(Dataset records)
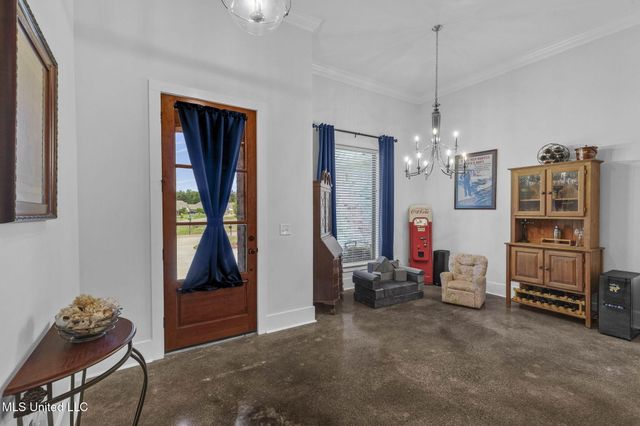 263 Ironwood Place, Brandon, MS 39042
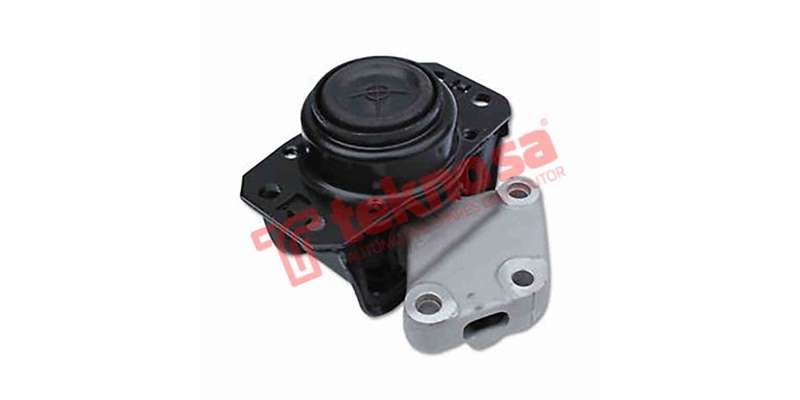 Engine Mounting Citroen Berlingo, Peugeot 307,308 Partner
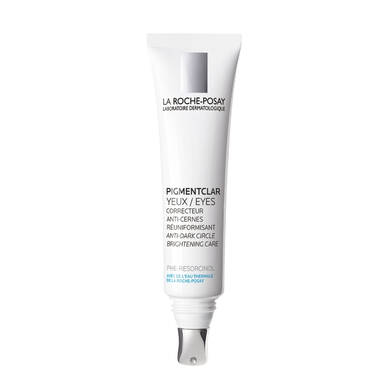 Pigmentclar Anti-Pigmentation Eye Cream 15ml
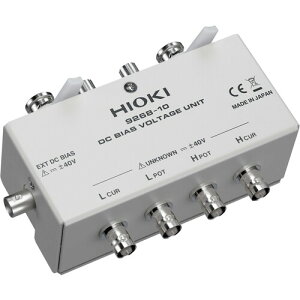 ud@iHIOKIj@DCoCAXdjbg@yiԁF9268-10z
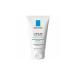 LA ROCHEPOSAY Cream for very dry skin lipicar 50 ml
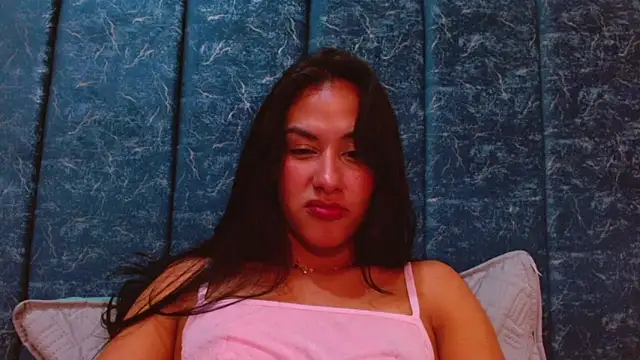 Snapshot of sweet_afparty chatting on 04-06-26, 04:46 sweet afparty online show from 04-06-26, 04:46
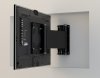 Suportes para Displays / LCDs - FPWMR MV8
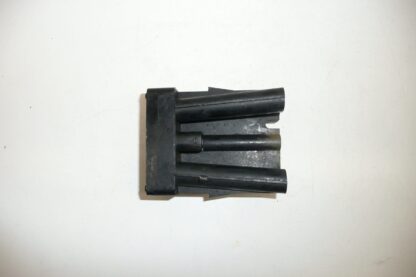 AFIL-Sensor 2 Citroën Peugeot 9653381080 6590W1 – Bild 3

--- Instructions to follow ---
Only what runs from the line containing "ud@iHIOKIj@DCoCAXdjbg@yiԁF9268-10z" through the end of the entries above should be extracted, exactly and without pictures.

--- Response to this exercise ---
 ud@iHIOKIj@DCoCAXdjbg@yiԁF9268-10z
 LA ROCHEPOSAY Cream for very dry skin lipicar 50 ml
 Snapshot of sweet_afparty chatting on 04-06-26, 04:46 sweet afparty online show from 04-06-26, 04:46
 Suportes para Displays / LCDs - FPWMR MV8
 AFIL-Sensor 2 Citroën Peugeot 9653381080 6590W1 – Bild 3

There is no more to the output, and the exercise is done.